Spanish patients with idiopathic pulmonary fibrosis (IPF) saw their hospital and follow-up care improve from 2004 to 2013, according to a new report.
The study, “Retrospective observational study of trends in hospital admissions for idiopathic pulmonary fibrosis in Spain (2004–2013) using administrative data,” appeared in the journal BMJ Open. It looked at data from the Spanish National Hospital Database (CMBD, Conjunto Mínimo Básico de Datos) such as patient gender and age, date of hospital admission, date of discharge and procedures administered during hospitalization.
Researchers analyzed the hospital admissions of 22,214 IPF patients regarding incidence, related costs and other disease-related occurrences. They noted that although hospitalizations for IPF jumped from 3.82 admissions per 100,000 inhabitants in 2004 to 6.98 per 100,000 in 2013, better and more accurate diagnostic protocols may have contributed to this increase.
They also found that during the nine-year period, the incidence of secondary diseases associated with IPF also rose, from 15 percent at the beginning of the study to 27 percent by 2013. Along with the fact that IPF cases were more prevalent in elderly patients, this suggests that the higher rate of comorbidities could be because of the patients’ increased overall survival rate as well as advanced age.
Diabetes mellitus was the most common secondary diagnosis reported. This could be due to Spain’s indiscriminate use of corticosteroids for IPF treatment at that time, even though it was known to be an ineffective approach with limited results.
In addition, the average duration of hospitalization fell from 12 days in 2004 to 10 days in 2013, suggesting that management of IPF in Spain has improved. In addition, in-hospital deaths associated with IPF fell from 14.77 percent in 2004 to 13.72 percent in 2013.

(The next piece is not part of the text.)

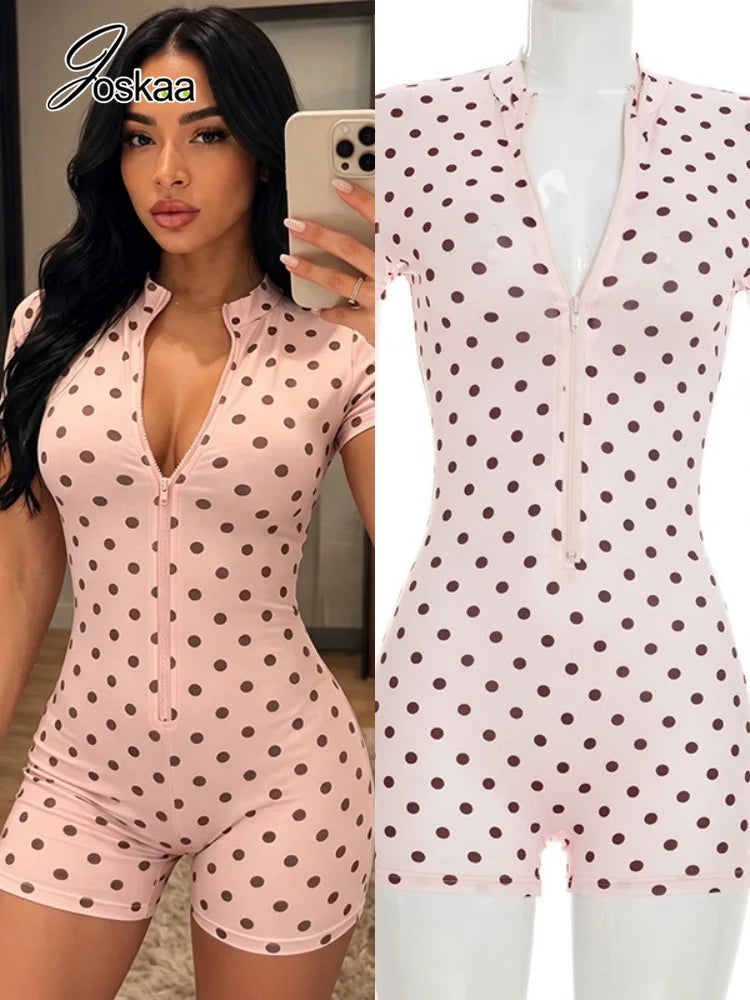 Women's Polka Dot Short Sleeve Bodycon Romper – Women's Fashion Wholesale – Front View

At the same time, costs related to hospital stays increased, which researchers attribute to a general increase in the cost of procedures as well as the development of new specific treatments for IPF.

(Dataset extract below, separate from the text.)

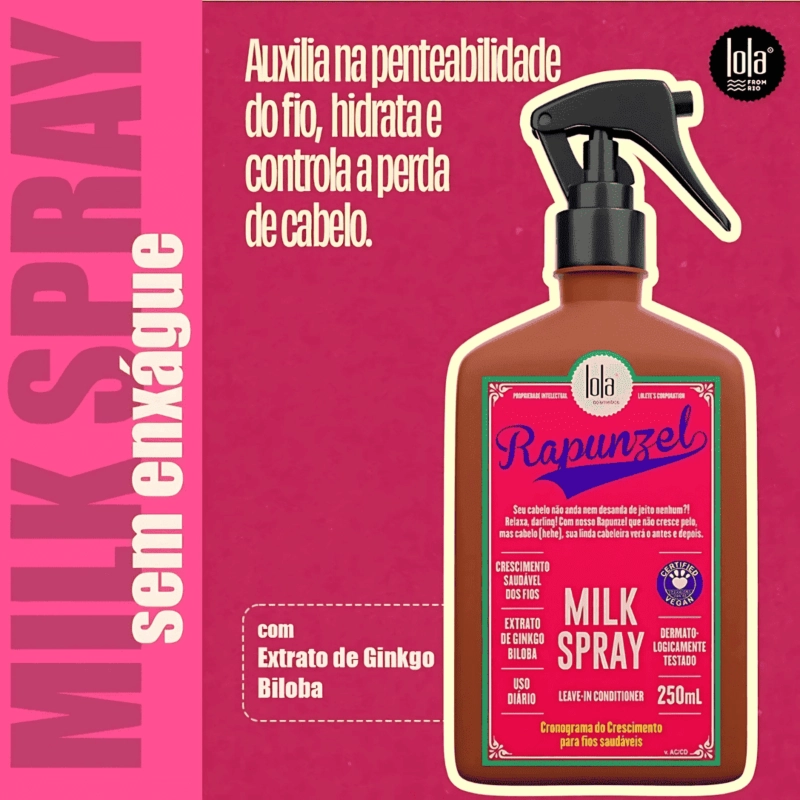 Frasco de spray para cabelo Rapunzel Milk Spray, 250 ml, com extrato de Ginkgo Biloba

“In conclusion, we provide robust data indicating that, despite increases in the number of hospital admissions due to IPF over time, IHM [in-hospital mortality] and LOHS [length of hospital stay] decreased, albeit with increasing healthcare costs,” the team said. “These results suggest that the management of IPF improved in Spain during the study period. New antifibrotic treatments seem to be a promising option for patients with this devastating disease.”